静江节度使刘士政闻马殷悉平岭北,大惧,遣副使陈可璠屯全义岭以备之。殷遣使修好于士政,可璠拒之。殷遣其将秦彦晖、李琼等将兵七千击士政。湖南军至全义,士政又遣指挥使王建武屯秦城。可璠掠县民耕牛以犒军,县民怨之,请为湖南乡异,曰:「此西南有小径,距秦城才五十里,仅通单骑。」彦晖遣李琼将骑六十、步兵三百袭秦城,中宵,逾垣而入,擒王建武,比明,复还,丝斥之以练,造可璠壁下示之,可璠犹未之信。斩其首,投壁中,桂人震恐。琼因勒兵击之,擒可璠,降其将士二千,皆杀之。引兵趣桂州,自秦城以南二十余壁皆望风奔溃,遂围桂州。数日,士政出降,桂、宜、岩、柳、象五州皆降于湖南。马殷以李琼为桂州刺史,未几,表为静江节度使。

静江节度使刘士政听说马殷平定了岭北,非常害怕,派副使陈可璠驻扎在全义岭来防备。马殷派使者向刘士政表示友好,陈可璠拒绝了他。马殷派他的将领秦彦晖、李琼等人率领七千军队攻打刘士政。湖南军队到达全义,刘士政又派指挥使王建武驻扎在秦城。陈可璠掠夺县民的耕牛来犒劳军队,县民怨恨他,请求为湖南军做向导,说:“这里西南方有一条小路,距离秦城只有五十里,只能通过单人骑马。”秦彦晖派李琼率领六十名骑兵、三百名步兵袭击秦城,半夜翻墙而入,擒获王建武,到天亮时返回,并用白绢将王建武捆绑起来,带到陈可璠的营垒下给他看,陈可璠还不相信。李琼砍下王建武的头,扔进营垒中,桂州人震惊恐惧。李琼于是率军攻击,擒获陈可璠,降服了他的将士二千人,全部杀掉。然后率军直奔桂州,从秦城以南的二十多座营垒都望风奔溃,于是包围了桂州。几天后,刘士政出城投降,桂州、宜州、岩州、柳州、象州五州都归降了湖南。马殷任命李琼为桂州刺史,不久,上表推荐他为静江节度使。

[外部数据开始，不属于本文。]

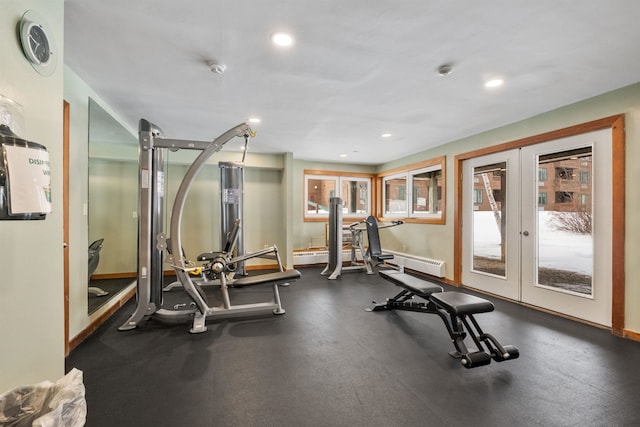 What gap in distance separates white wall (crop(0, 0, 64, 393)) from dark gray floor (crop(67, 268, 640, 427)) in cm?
58

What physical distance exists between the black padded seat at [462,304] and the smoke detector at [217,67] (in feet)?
8.61

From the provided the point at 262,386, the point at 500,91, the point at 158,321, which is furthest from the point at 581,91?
the point at 158,321

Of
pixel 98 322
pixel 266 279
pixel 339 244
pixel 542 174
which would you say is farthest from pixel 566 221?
pixel 98 322

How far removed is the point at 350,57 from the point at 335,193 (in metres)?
4.50

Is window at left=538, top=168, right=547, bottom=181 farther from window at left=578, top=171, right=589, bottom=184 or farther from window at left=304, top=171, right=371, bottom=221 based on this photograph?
window at left=304, top=171, right=371, bottom=221

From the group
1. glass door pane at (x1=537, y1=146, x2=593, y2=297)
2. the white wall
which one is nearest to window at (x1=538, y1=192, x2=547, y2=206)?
glass door pane at (x1=537, y1=146, x2=593, y2=297)

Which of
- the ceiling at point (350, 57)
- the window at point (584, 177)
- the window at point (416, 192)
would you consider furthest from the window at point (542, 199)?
the window at point (416, 192)

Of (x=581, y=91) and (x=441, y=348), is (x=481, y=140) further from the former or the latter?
(x=441, y=348)

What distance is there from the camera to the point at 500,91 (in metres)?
2.71

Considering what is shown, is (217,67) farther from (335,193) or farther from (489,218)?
(335,193)

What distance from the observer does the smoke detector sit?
2.20 m

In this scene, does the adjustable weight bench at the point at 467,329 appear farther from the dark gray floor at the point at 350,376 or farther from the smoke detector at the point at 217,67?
the smoke detector at the point at 217,67

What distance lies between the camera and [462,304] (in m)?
2.21

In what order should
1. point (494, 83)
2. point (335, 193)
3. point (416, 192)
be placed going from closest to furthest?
point (494, 83) → point (416, 192) → point (335, 193) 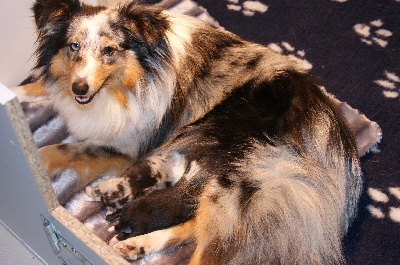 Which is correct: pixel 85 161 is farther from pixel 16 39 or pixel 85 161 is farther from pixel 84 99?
pixel 16 39

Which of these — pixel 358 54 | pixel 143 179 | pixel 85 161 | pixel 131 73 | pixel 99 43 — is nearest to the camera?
pixel 99 43

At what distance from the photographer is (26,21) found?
3215mm

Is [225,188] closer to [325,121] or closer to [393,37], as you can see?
[325,121]

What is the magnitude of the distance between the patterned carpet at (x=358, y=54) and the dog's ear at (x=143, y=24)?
1.32m

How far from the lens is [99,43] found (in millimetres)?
2500

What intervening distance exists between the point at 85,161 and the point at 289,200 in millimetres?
1053

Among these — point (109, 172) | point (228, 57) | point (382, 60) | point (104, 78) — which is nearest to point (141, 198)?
point (109, 172)

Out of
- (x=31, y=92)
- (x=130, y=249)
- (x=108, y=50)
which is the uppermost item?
(x=108, y=50)

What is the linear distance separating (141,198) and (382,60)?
6.26ft

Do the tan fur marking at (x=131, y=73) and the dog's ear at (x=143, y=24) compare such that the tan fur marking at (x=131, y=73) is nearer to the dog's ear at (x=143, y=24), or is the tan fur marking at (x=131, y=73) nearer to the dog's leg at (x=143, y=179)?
the dog's ear at (x=143, y=24)

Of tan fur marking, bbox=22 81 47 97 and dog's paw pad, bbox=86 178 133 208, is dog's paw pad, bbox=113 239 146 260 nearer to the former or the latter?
dog's paw pad, bbox=86 178 133 208

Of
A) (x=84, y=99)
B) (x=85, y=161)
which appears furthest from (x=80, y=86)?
(x=85, y=161)

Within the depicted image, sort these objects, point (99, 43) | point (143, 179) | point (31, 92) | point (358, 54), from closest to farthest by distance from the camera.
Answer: point (99, 43) → point (143, 179) → point (31, 92) → point (358, 54)

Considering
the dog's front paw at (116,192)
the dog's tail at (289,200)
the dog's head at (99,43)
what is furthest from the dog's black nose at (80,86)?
the dog's tail at (289,200)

张存敬攻刘仁恭,下二十城,将自瓦桥趣幽州,道泞不能进,乃引兵西攻易定,辛巳,拔祁州,杀刺史杨约。

张存敬攻打刘仁恭,攻下二十座城,准备从瓦桥向幽州进发,因道路泥泞不能前进,于是率军向西攻打易州、定州。辛巳日,攻占祁州,杀死刺史杨约。

癸未,以保义留后朱友谦为节度使。

癸未日,任命保义留后朱友谦为节度使。

张存敬攻定州,义武节度使王郜遣后院都知兵马使王处直将兵数万拒之。处直请依城为栅,俟其师老而击之。孔目官梁汶曰:「昔幽、镇兵三十万攻我,于时我军不满五千,一战败之。今存敬兵不过三万,我军十倍于昔,奈何示怯,欲依城自固乎!」郜乃遣处直逆战于沙河,易定兵大败,死者过半,余众拥处直奔还。甲申,王郜弃城奔晋阳,军中推处直为留后。存敬进围定州,丙申,朱全忠至城下,处直登城呼曰:「本道事朝廷尽忠,于公未尝相犯,何为见攻?」全忠曰:「何故附河东?」对曰:「吾兄与晋王同时立勋,封疆密迩,且婚姻也,修好往来,乃常理耳,请从兹改图。」全忠许之。乃归罪于梁汶而族之,以谢全忠,以缯帛十万犒师。全忠乃还,仍为处直表求节钺。处直,处存之母弟也。刘仁恭遣其子守光将兵救定州,军于易水之上。全忠遣张存敬袭之,杀六万余人。由是河北诸镇皆服于全忠。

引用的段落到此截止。